Isto é, em muitas dimensões da nossa vida quem controla os mecanismos dos quais dependemos pode potencialmente destruir-nos a partir de comportamentos derivados de transtornos mentais. Mas que transtornos? Se falamos de depressão, estima-se que 20% dos europeus (10% em Espanha) sofrem de depressão clínica. Aos quais se juntam outras doenças mentais. No mundo das dez doenças graves mais comuns, cinco são mentais. Nos EUA, 60% das mulheres são medicados com antidepressivos. Será que vamos estigmatizar alguém que teve um problema de condição mental? Criar um panóptico distribuído? Se instabilidade mental acarreta um risco elevado, estaríamos em uma sociedade de loucos na qual todos nós devemos ser monitorados, incluindo professores capazes de neurotizar crianças e até mesmo abusar deles. Para não mencionar os sacerdotes. Ou a pedofilia não é patológica? E traumatizar milhares de crianças não é tão crime quanto bater um avião? Mas aqui chegamos ao cerne da questão: se nós formos controlados pelos psiquiatras, quem controlará os psiquiatras? Ou será que eles são parte de um sacerdócio sem problemas mentais?

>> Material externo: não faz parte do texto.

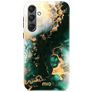 MIO Samsung Galaxy S24 Plus MagSafe Hoesje Hardcase Backcover - Green Marble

Visto desta perspectiva, não há nenhum controle que vala a pena. O mais imprevisível é o ser humano. E o que mudou é que muitos seres humanos têm acesso aos mecanismos automáticos dos quais dependem de muitas vidas. Como nossas sociedades se tornaram loucas por muitas razões estaremos vivendo entre loucos. Os sistemas inventados para nos proteger acabam condenando-nos, como é o caso de cabines de aeronaves que não podem ser abertas a partir do exterior em resposta ao perigo do atacante externo que apareceu em 11-S. É claro que a grande maioria de nós está sã. Até que um dia deixará de estar. E acabamos o casamento ou bebemos e batemos o carro, a família incluída. Então, Beck levantou um dilema fundamental. Nós não podemos controlar o risco crescente de viver dependentes de sistemas automáticos automatizando e regulando cada vez mais. Temos que gerar humanos capazes de assumir o risco da liberdade. E encontrar formas solidárias de vida que estão enraizados em nossas almas, a partir da qual reconstruir uma modernidade enlouquecida.